TORTORELLI, GIANFRANCO, Studi di storia dell'editoria italiana

TAVONI, MARIA GIOIA (A CURA DI), I mestieri del libro

INFELISE, MARIO, L'editoria veneziana nel '700
recensione di Palazzolo, M.I., L'Indice 1990, n. 5

Si tratta di testi molto diversi tra loro; il primo è una raccolta di saggi sulle varie figure professionali che operano nella bottega tipografico-libraria in epoca preindustriale; il secondo è un'ampia trattazione sullo sviluppo dell'editoria a Venezia nel '700 nei suoi rapporti con il mercato europeo; infine il terzo traccia il percorso culturale di alcuni editori tra Otto e Novecento in Italia. Un ventaglio di proposte molto ampio, come si vede, che abbraccia lo sviluppo dell'arte tipografica dai suoi esordi alla nascita dell'impresa editoriale moderna, e che dimostra quanto sia ancora ricco il terreno da dissodare e quanto numerose, e tutte credibili, le modalità di approccio.
Proprio su queste modalità è il caso di soffermarsi. Il panorama degli studi sull'editoria in Italia è radicalmente mutato. Patrimonio esclusivo di eruditi e bibliofili, che puntavano alla pur meritoria ricostruzione di "Annali" di singoli stampatori o alla faticosa e puntuale descrizione di rarità bibliografiche (e qui è d'obbligo il riferimento a Marino Parenti), in questo ultimo decennio la storia della stampa, anche sulla base di sollecitazioni ed esperienze straniere, ha potuto fruire di differenti apporti disciplinari che hanno contribuito ad arricchirne tematiche e punti di vista, facendone il terreno d'incontro di suggestioni e ricerche di storici, italianisti, economisti, secondo una fruttuosa linea di ricerca già additata in queste pagine da Eugenio Garin.
A distanza di dieci anni dalla pubblicazione del volume di Marino Berengo, "Intellettuali e librai nella Milano della Restaurazione", che costituisce un punto di riferimento insostituibile per tutti coloro che fanno ricerca in questo settore, ci troviamo di fronte oggi a un patrimonio di lavori corposo, all'interno del quale è possibile individuare percorsi e consonanze metodologiche.

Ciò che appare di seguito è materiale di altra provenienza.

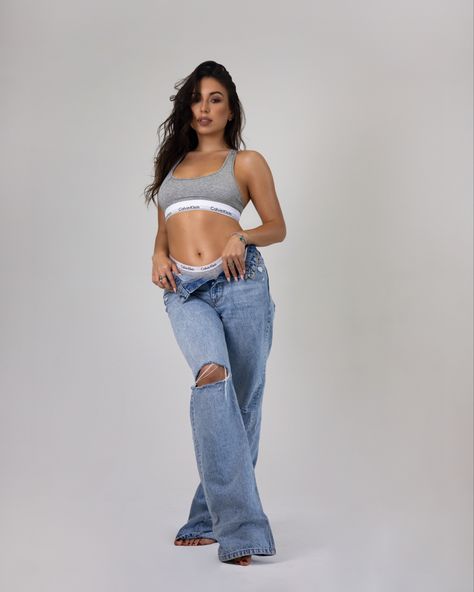 All Denim Outfit Photoshoot, Bodysuit And Jeans Photoshoot, Womens Calvin Klein Photoshoot, Boyfriend Jeans Photoshoot, Calvin Klein Bra And Jeans Photoshoot, Calvin Klein Studio Photoshoot, Jeans And Calvin Klein Photoshoot, Studio Photo Shoot Outfit Ideas, Bra And Jeans Outfit Photoshoot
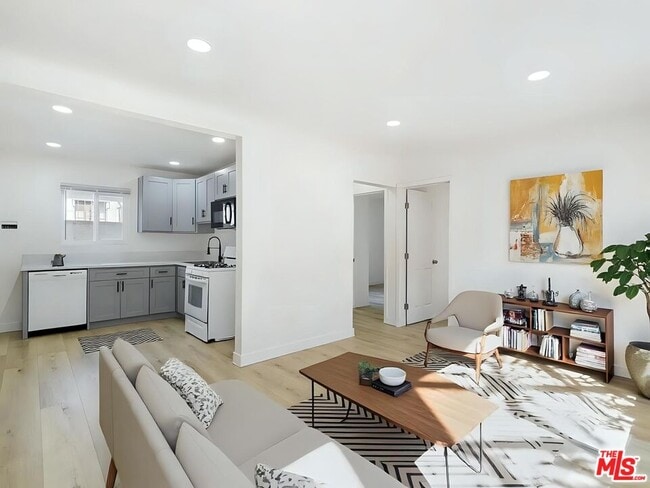 Photo - 11812 Main St Apartment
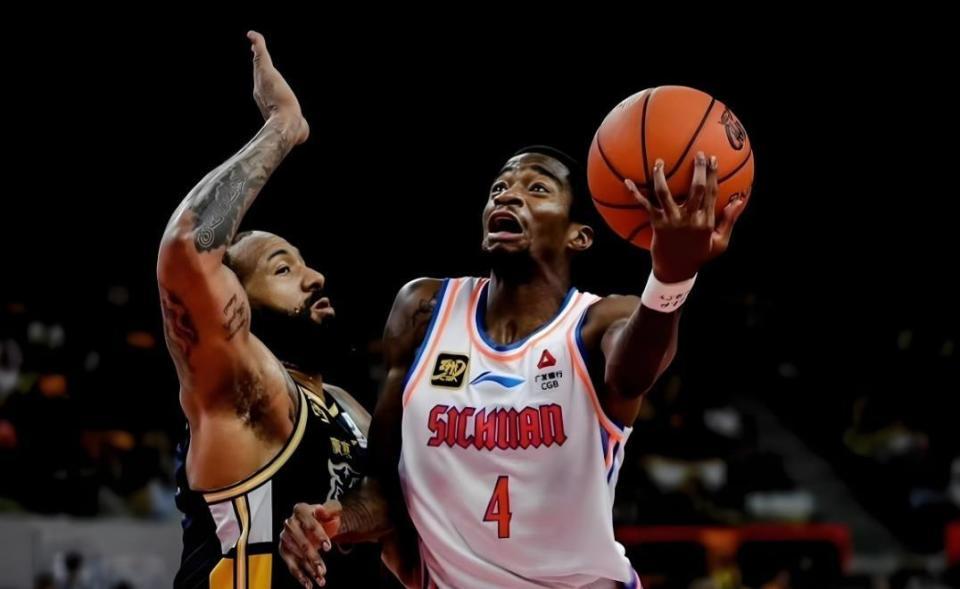 萨姆纳加盟广东队？媒体人透露最新情况 朱芳雨得再发力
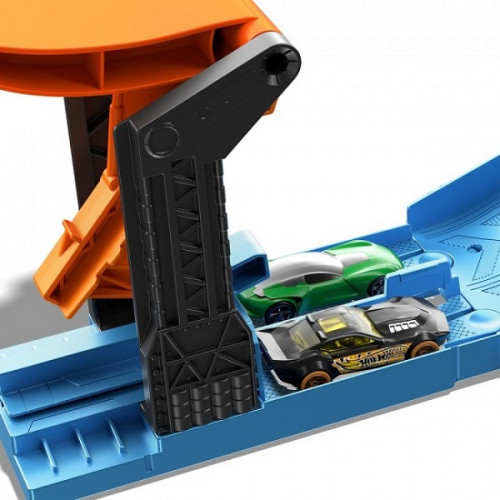 Hot Wheels Игровой набор «Трюки в шине»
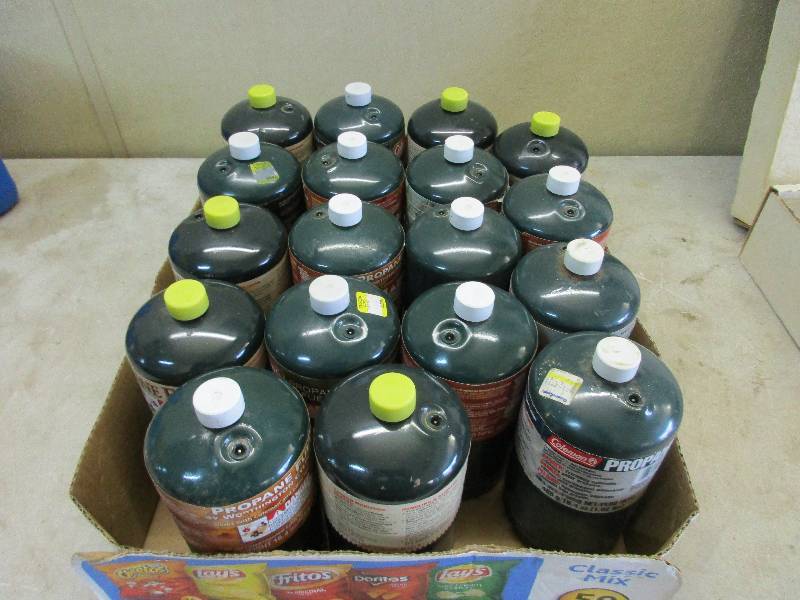 18 propane tanks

A ben vedere esiste una netta differenza tra gli studi sull'arte della stampa nell'epoca dell'ancien regime e gli studi che ne indagano lo sviluppo in epoca industriale. La vecchia cesura tra storia della tecnica e storia delle idee non taglia trasversalmente le ricerche di questo settore, ma in genere si riconnette a quella ben più corposa e storicamente rilevante tra età preindustriale e età industriale. Se fino al Settecento predomina l'interesse per la bottega artigiana, di cui si indagano attentamente organizzazione del lavoro, figure degli addetti e ordinamenti corporativi, per ciò che riguarda l'Otto e Novecento - in Italia, naturalmente - l'interesse si sposta dal luogo della produzione al suo prodotto e hanno netta prevalenza le ricerche che, nel ricostruire cataloghi e progetti editoriali, delineano preferenze ideologiche e strategie di intervento culturale.

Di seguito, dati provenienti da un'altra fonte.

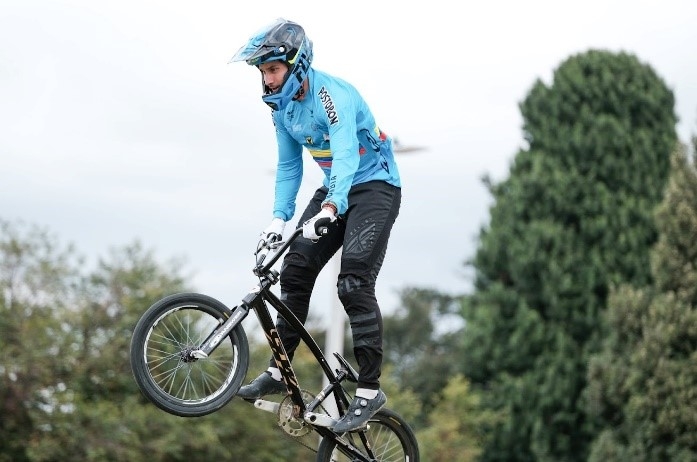 Carlos Ramírez en la pista BMX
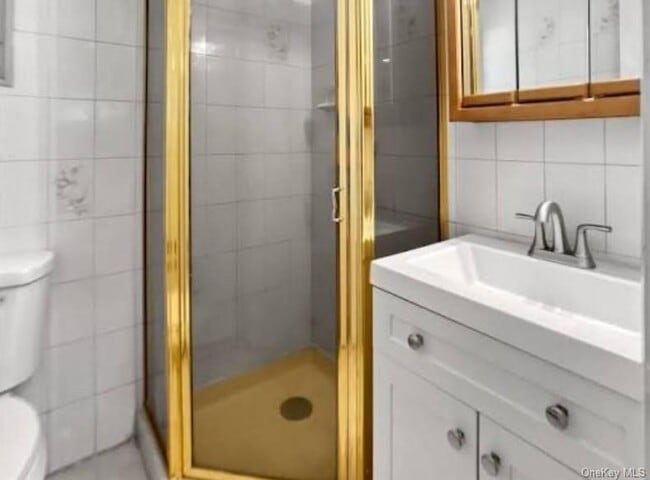 Photo - 571 Richmond Rd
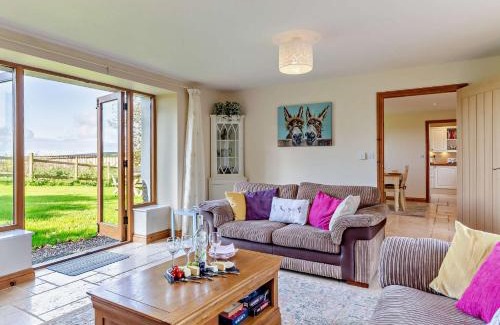 Hartland House | 2 Bed in Clovelly HIFOB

Da dove viene questa dicotomia? Ha essa ragion d'essere nell'oggetto di ricerca che richiede volta a volta differenti strumentazioni o fonda le sue radici, come tante volte è stato sottolineato, nella difficoltà a mettere le mani sugli archivi d'impresa, spesso introvabili o - nel caso di aziende ancora in vita - di difficile consultazione per la gelosia degli editori? Questi interrogativi sono ben presenti alla gran parte degli storici dell'editoria di oggi. Già Maria Gioia Tavoni, nella "Premessa" al numero monografico di "Quaderni storici", titolato significativamente "I mestieri del libro", sottolinea la specificità di questo "mestiere" e l'ampiezza delle problematiche ad esso connesse. "È infatti il mestiere [...] che in evoluzione continua nei suoi sistemi tecnici o scientifici [...] si cerca la strada della sua autonomia. Un mestiere che riduce ad oggetto, da distribuire e diffondere sul mercato, quel che prima era un esemplare autografo, testimonianza unica delle esigenze del suo autore. Attraverso il 'mestiere' diventa, appunto, libro, strumento cioè di cultura, di propaganda, di informazione, di alfabetizzazione, di gioco e - proprio in quanto commercializzato - merce e fonte di guadagno e di profitti".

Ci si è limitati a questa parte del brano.